Myself I had to deal with something of the same, but the traffic became too high to put it in simple one-liners (and the various kinds of statistics made it hard as well) so I decided to read the log files on the fly (the perl style of 'tail -f') and chunk down each part of the log line and put it in a database. Now I could compute all kinds of statistics with simple SQL queries, and usually I have the statistics I want within a few minutes at most. It's most flexible.

I have simple queries calculating average hits per hour based on the same weekday and hour based on the data of the past X months. The database now contains 700 million rows of log lines, so that should count as quite some data; and runs over a course of a few years... but with it I can get some interesting trending data.

aspire1 · 03-18-2016, 08:26 PM

You could also use the pretty common ELK stack rather than rolling your own (elasticsearch/logstash/kibana) and google some tutorials.

pix9 · 03-22-2016, 02:40 AM

Hello everyone, currently I am using following method for doing this. If any better way kindly let me know.

for COUNT in $(number of minutes)
do
ZERODATE=$(date +"%d/%b/%Y:%H:%M" -d "+ ${COUNT} minute")
grep "${ZERODATE}" ${LOGFILE} |tee /tmp/${ZERODATE}.log
$ foo-command /tmp/${ZERODATE}.log
sleep 1
done

regards

Ramurd · 03-23-2016, 03:32 AM

Quote:

Originally Posted by pix9

Hello everyone, currently I am using following method for doing this. If any better way kindly let me know.
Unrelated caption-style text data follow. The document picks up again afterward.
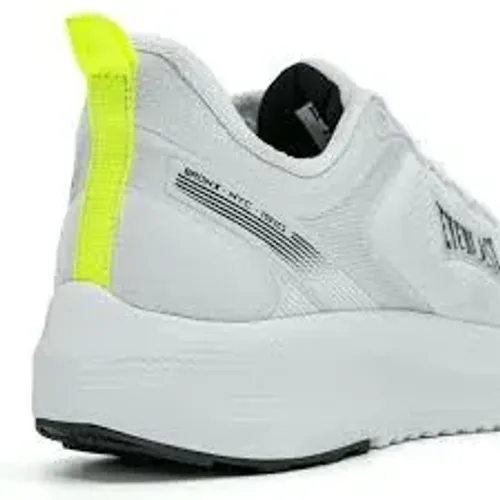 mw tenis sapato (431)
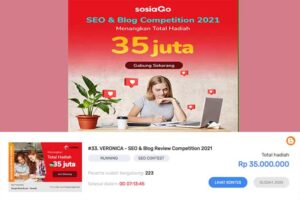 Artikel Veronika Telkomsel Kena Sandbox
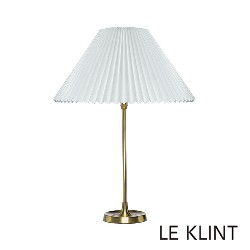 MODEL 307・テーブルランプ | LE KLINT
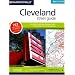 Rand Mcnally Cleveland: Street Guide (Rand McNally Cleveland (Ohio) Street Guide: Including Cuyahoga,)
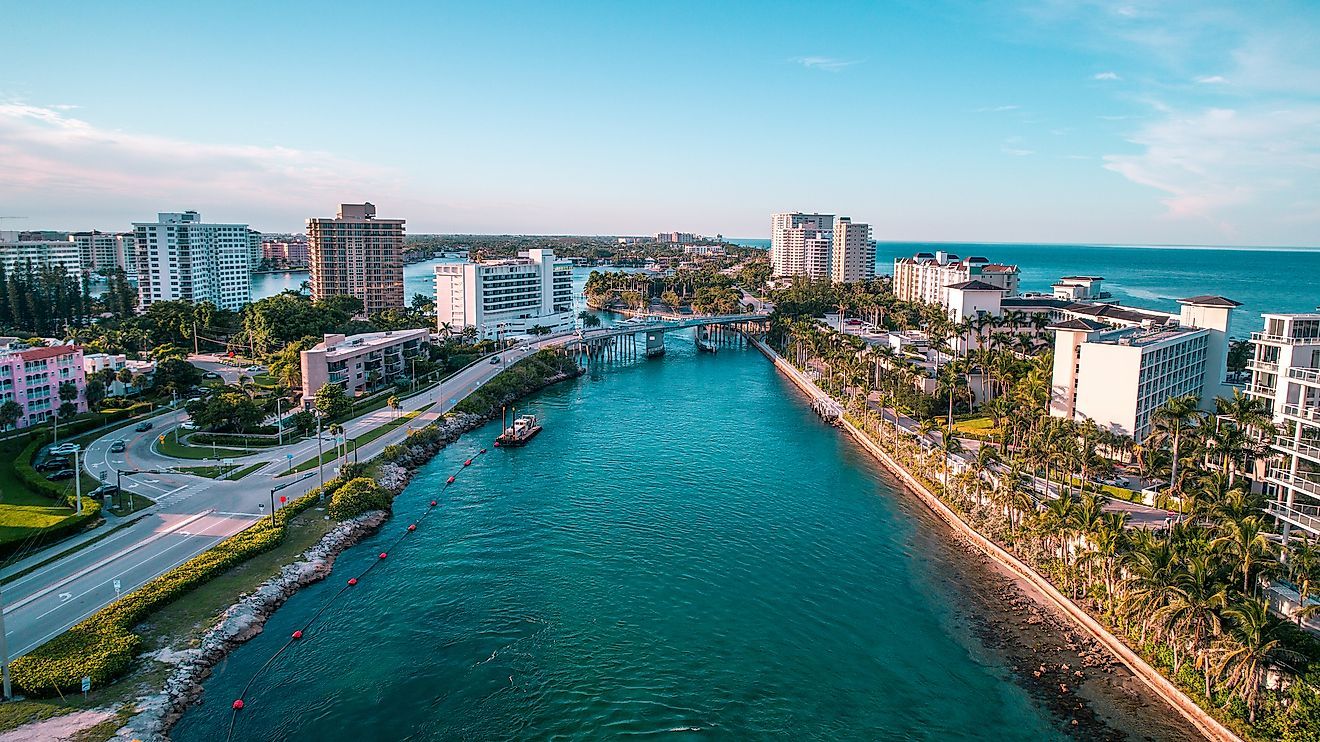 1320x742 Boca Raton, Florida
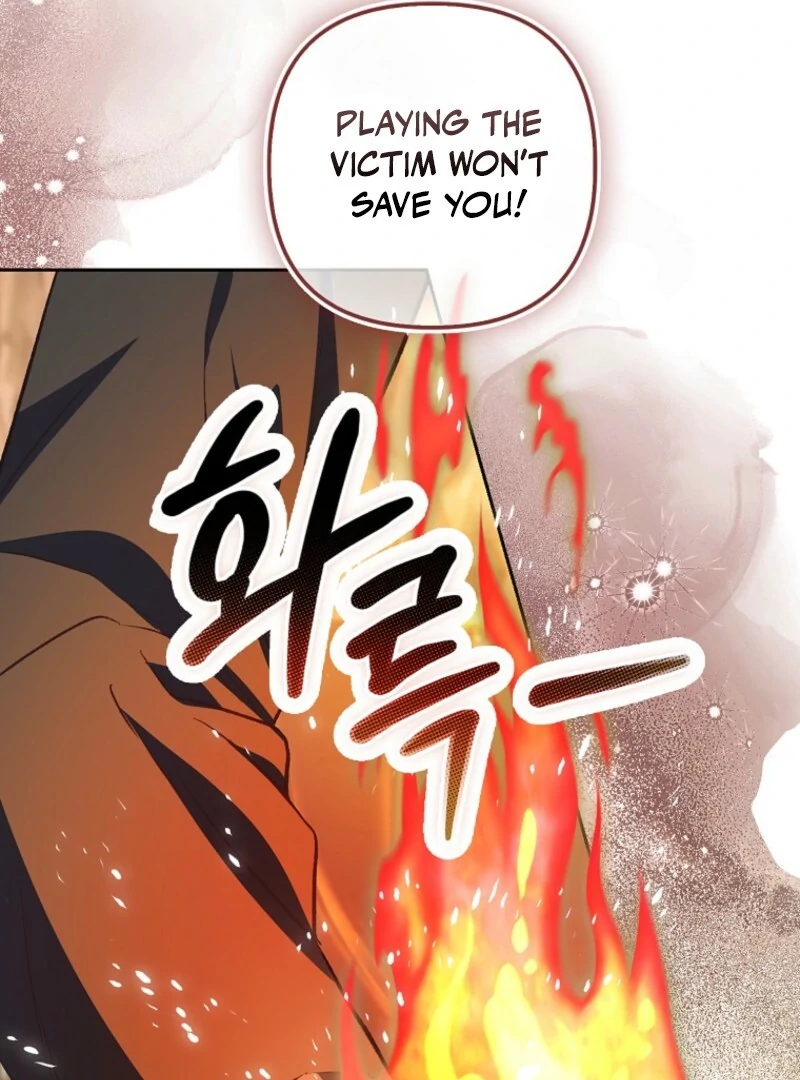 Becoming the Guide of the Mysophobic Villain? Absolutely Not! Chapter 6 - page 12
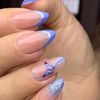 nourannour730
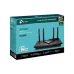 Маршрутизатор TP-Link (Archer AX55 Pro)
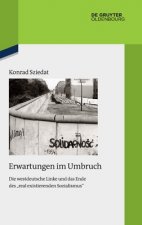 Erwartungen Im Umbruch
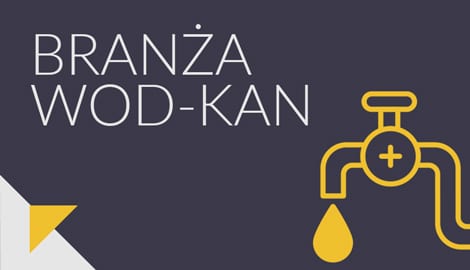 SCADA – im&nbsp;prościej, tym lepiej!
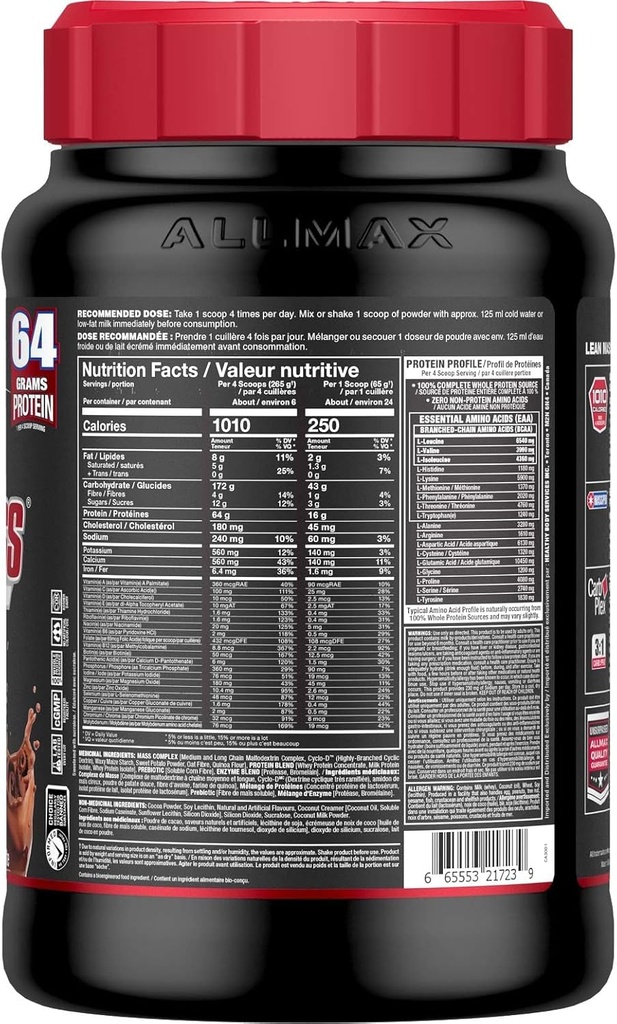 allmax-quickmass-chocolate---35-lb---rap-3.jpg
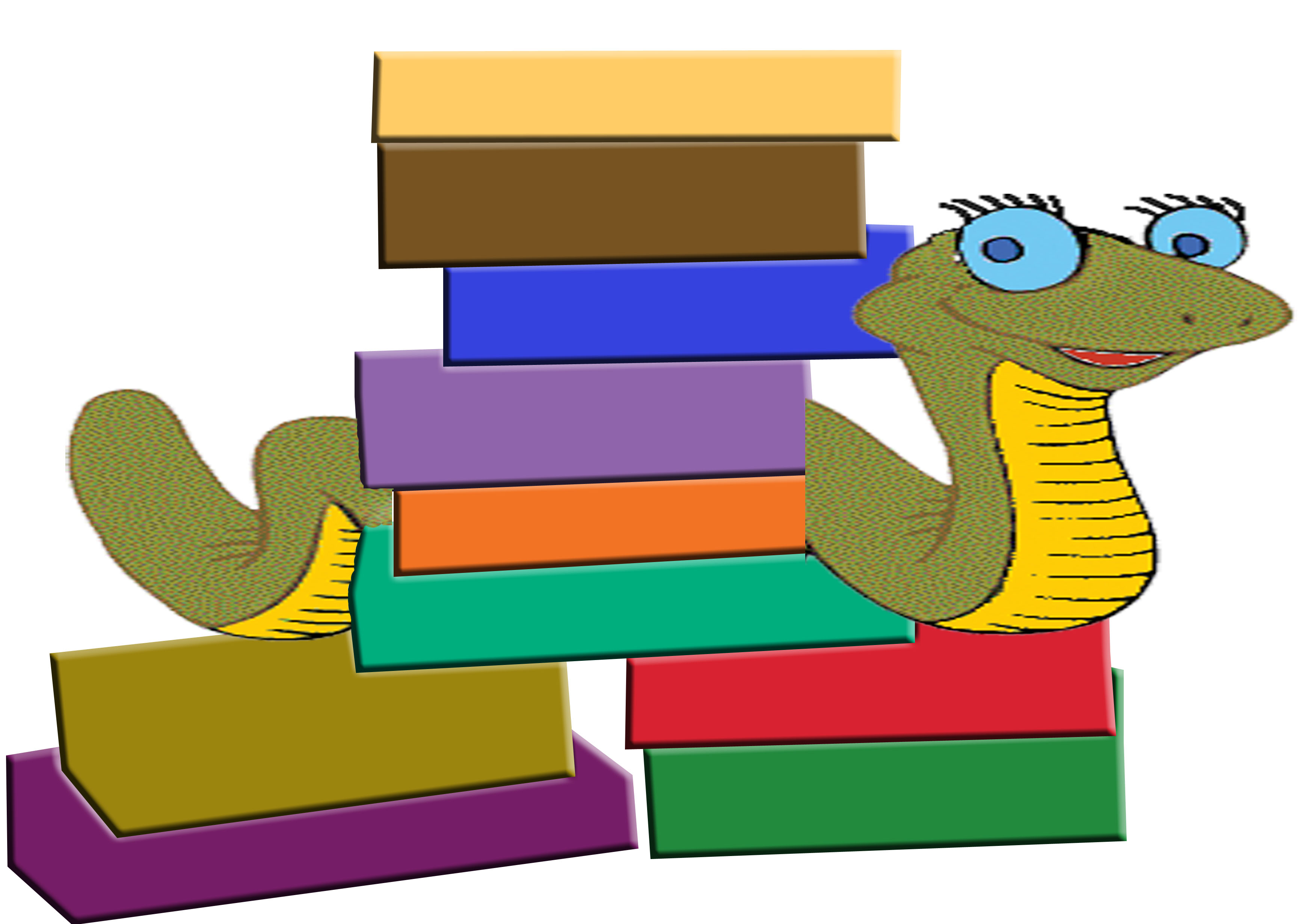 3464x2461 Us Map Clipart Free Download Clip Art Free Clip Art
for COUNT in $(number of minutes)
do
ZERODATE=$(date +"%d/%b/%Y:%H:%M" -d "+ ${COUNT} minute")
grep "${ZERODATE}" ${LOGFILE} |tee /tmp/${ZERODATE}.log
$ foo-command /tmp/${ZERODATE}.log
sleep 1
done

regards

So, for metrics of each day you'd have to iterate 1440 times over the same logfile? That hardly sounds efficient; 60 times of iterations per hour... not that efficient either; I'd rather iterate once over the file and do all computations in that iteration.

Below something along the same lines; more efficient, but not a best practice either:

Code:

while read line
do
  MINUTE="$(echo "${line}" | cut -d ' ' -f 2 | cut -d ':' -f 3)"
  HOUR="$(line "${line}" | cut -d ' ' -f 2 | cut -d ':' -f 2)"

  echo "${line}" >> ${HOUR}_${MINUTE}.log

done < ${LOGFILE}

Habitual · 03-23-2016, 05:09 AM

http://www.linuxquestions.org/questi...1/#post5076156

sundialsvcs · 03-23-2016, 07:38 AM

Another thing that I saw done, which was rather interesting (and with a different sort of log ...) was to take random samples from the log file and analyze them. IIRC, you could configure upper and lower bounds for: the starting position, the number of records to be sampled, how many to select from each range, and how many samples to take. With surprisingly small amounts of data, very useful statistics could be obtained on-the-fly without impeding the other processes which were continuously writing to it.